Exercise brief
Write out exactly the lines from the one containing "Sticker Image 2" through the last line of the records below, both included, and leave out any pictures.

Items from a data source:
= = =

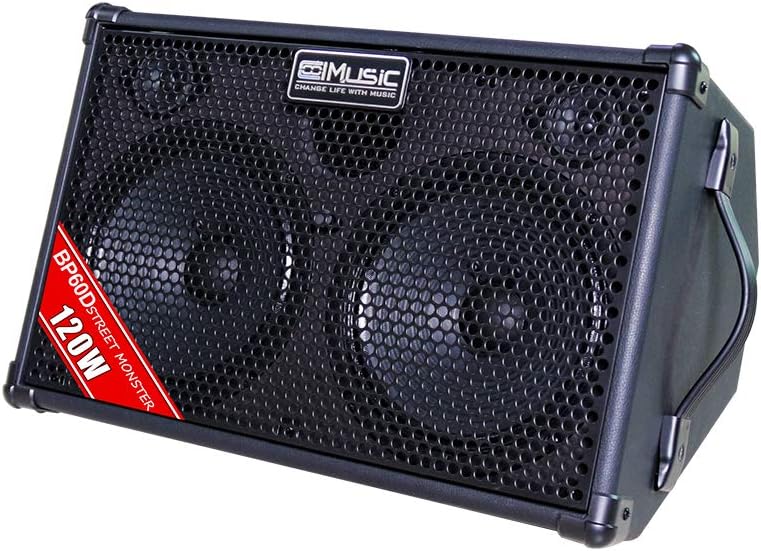 Portable 120W Acoustic Amp with Reverb & Chorus
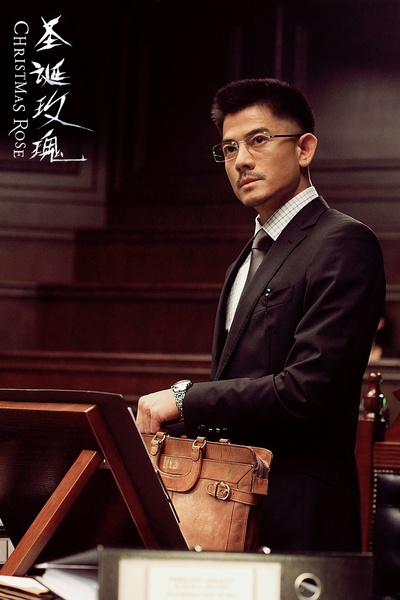 圣诞玫瑰剧照的剧照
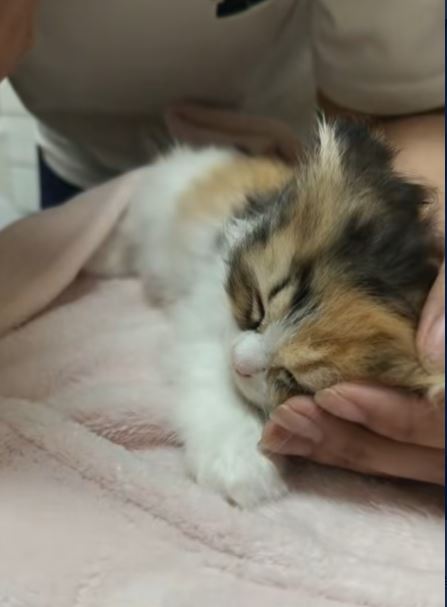 貓咖當有多隻奶貓受傷受驚要治療。抖音
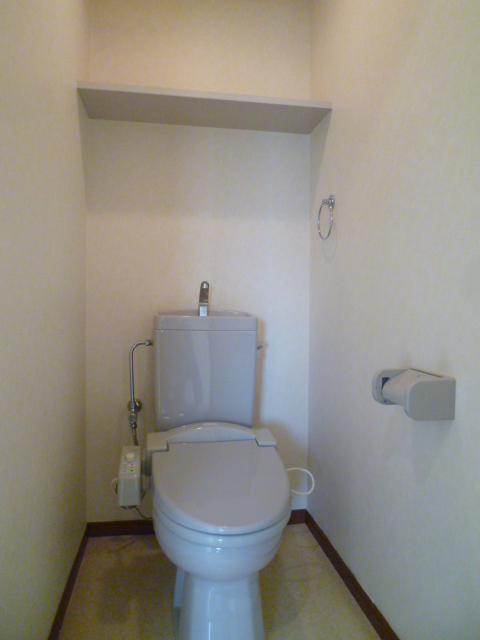 Toilet. Shower toilet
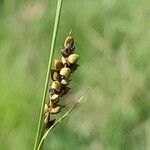 Carex panicea Цвят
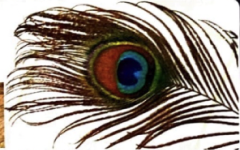 Sticker Image 2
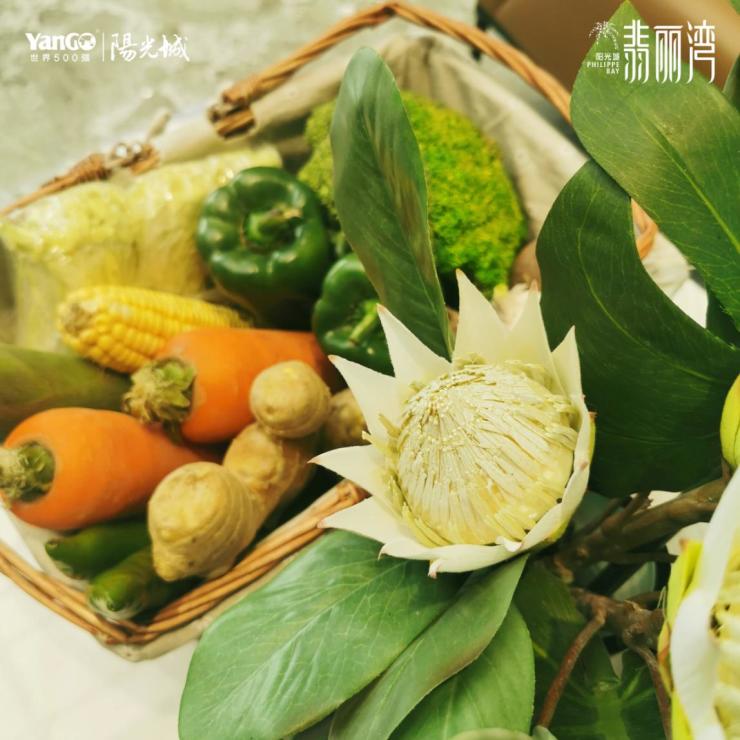 点击查看大图
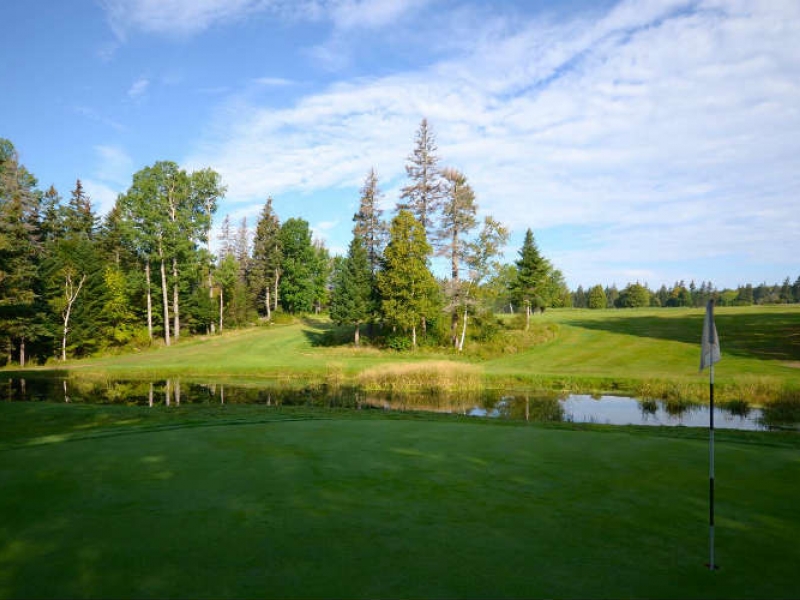 Forest Hills Disc & Golf Course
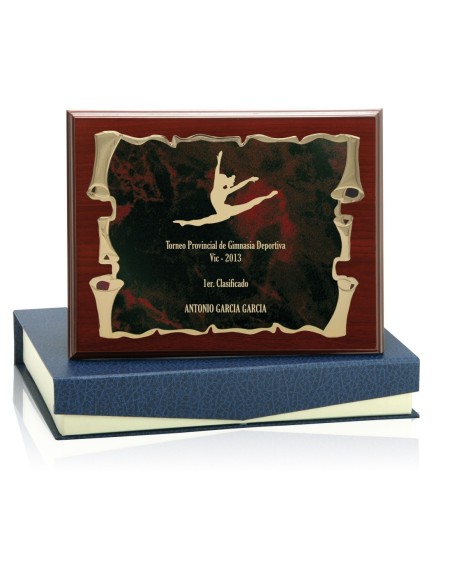 PLACA CONMEMORATIVA - 142-5373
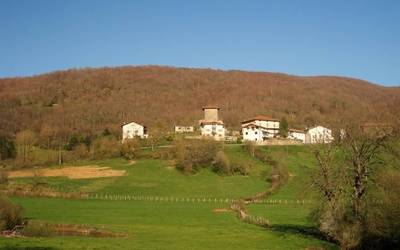 Basaburuko berriak ekarri dizkigu Arantxa Agirreurretak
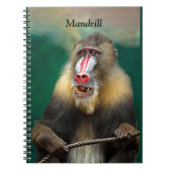 Mandrill, Afrikaanse aap Notitieboek (Voorkant)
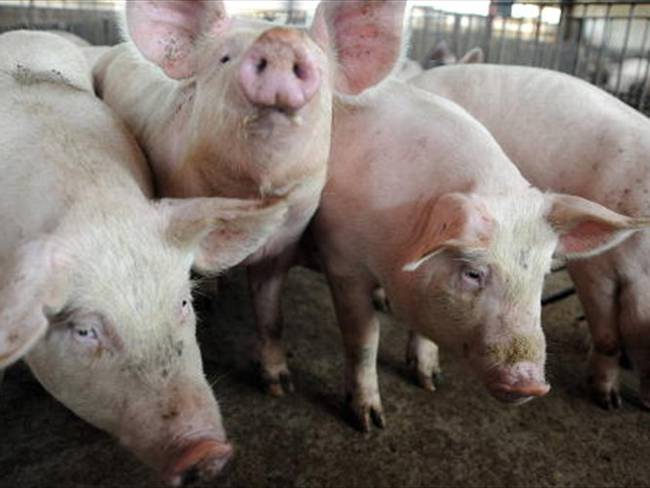 Cerdos para reproducción. Foto: Getty Images.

= = =

Expected answer
 Sticker Image 2
 点击查看大图
 Forest Hills Disc & Golf Course
 PLACA CONMEMORATIVA - 142-5373
 Basaburuko berriak ekarri dizkigu Arantxa Agirreurretak
 Mandrill, Afrikaanse aap Notitieboek (Voorkant)
 Cerdos para reproducción. Foto: Getty Images.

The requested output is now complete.